Reversal: Naloxone (IV/IM/IN) - pure opioid antagonist; short duration (30-60 min); repeated dosing may be needed.
D. NEUROMUSCULAR BLOCKING AGENTS (NMBAs)
Used to facilitate intubation and provide intraoperative muscle relaxation.
Types
1. Depolarizing NMBAs
Succinylcholine (Suxamethonium)
- Mechanism: Binds and activates nicotinic ACh receptors at the NMJ → initial fasciculations → sustained depolarization block (Phase I block) preventing repolarization
- Metabolized by plasma cholinesterase (pseudocholinesterase)
- Onset: 45-60 seconds | Duration: ~10-15 minutes (short)

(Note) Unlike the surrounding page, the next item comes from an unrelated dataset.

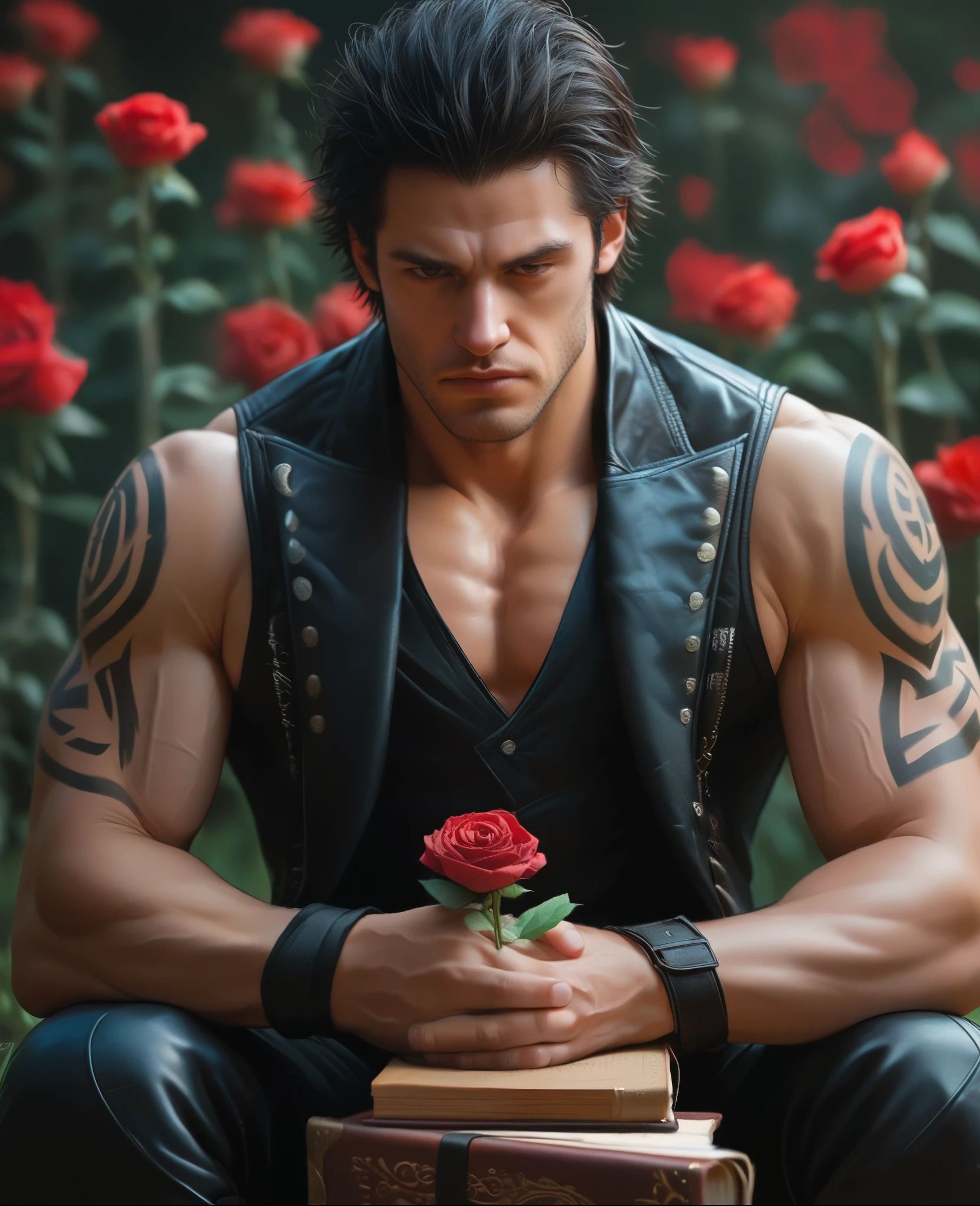 Digital artwork featuring devil may cry 5 a person man fitness muscle with short, dark, tousled hair, and light skin, kneeling amidst a field of dark red roses. The individual is dressed in a sleeveless black leather vest, revealing intricately detailed black tribal tattoos covering their arms. They are holding a brown, ornate book close to their face, with a somber expression. The background is filled with thorny branches and a soft, diffused light, creating a dramatic and melancholic atmosphere. The artist's signature, 'IG', is visible in the bottom right corner in a white, cursive font.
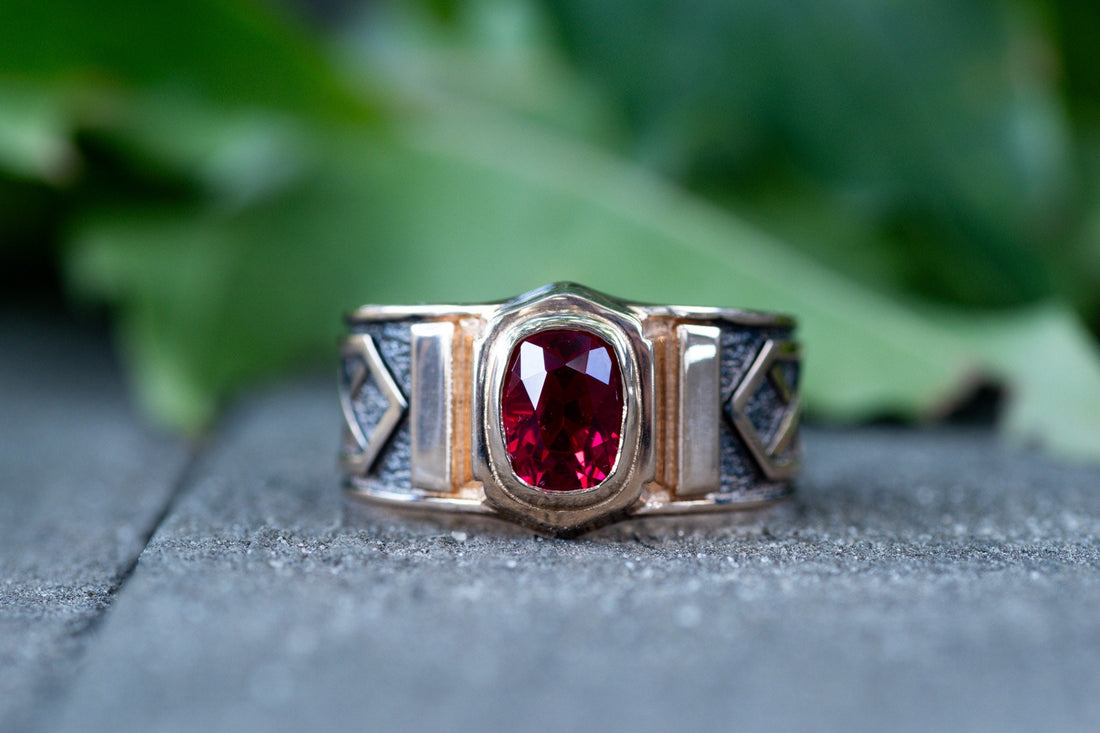 Viking Ring - 14k gold dwarven ring, brutalist signet ruby gemstone ring, fantasy viking nordic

- Only depolarizing agent in clinical use
- Primary use: Rapid sequence intubation (RSI) and management of laryngospasm
- Dose: 1-1.5 mg/kg IV; 3-4 mg/kg IM (for laryngospasm when IV not available)
Adverse effects of Succinylcholine:
- Hyperkalemia (life-threatening) - contraindicated in burns (>24h after), paraplegia/quadriplegia, prolonged immobilization, crush injury, upper motor neuron disease, muscular dystrophy (upregulated extrajunctional receptors release massive K+)
- Malignant hyperthermia trigger - avoid if susceptible
- Bradycardia (especially in children, second dose - muscarinic effect) - give atropine prophylactically in children
- Raised IOP and ICP
- Raised intragastric pressure (mitigated by cricoid pressure)
- Muscle pains (myalgias) postoperatively from fasciculations
- Prolonged block in atypical pseudocholinesterase (Phase II block)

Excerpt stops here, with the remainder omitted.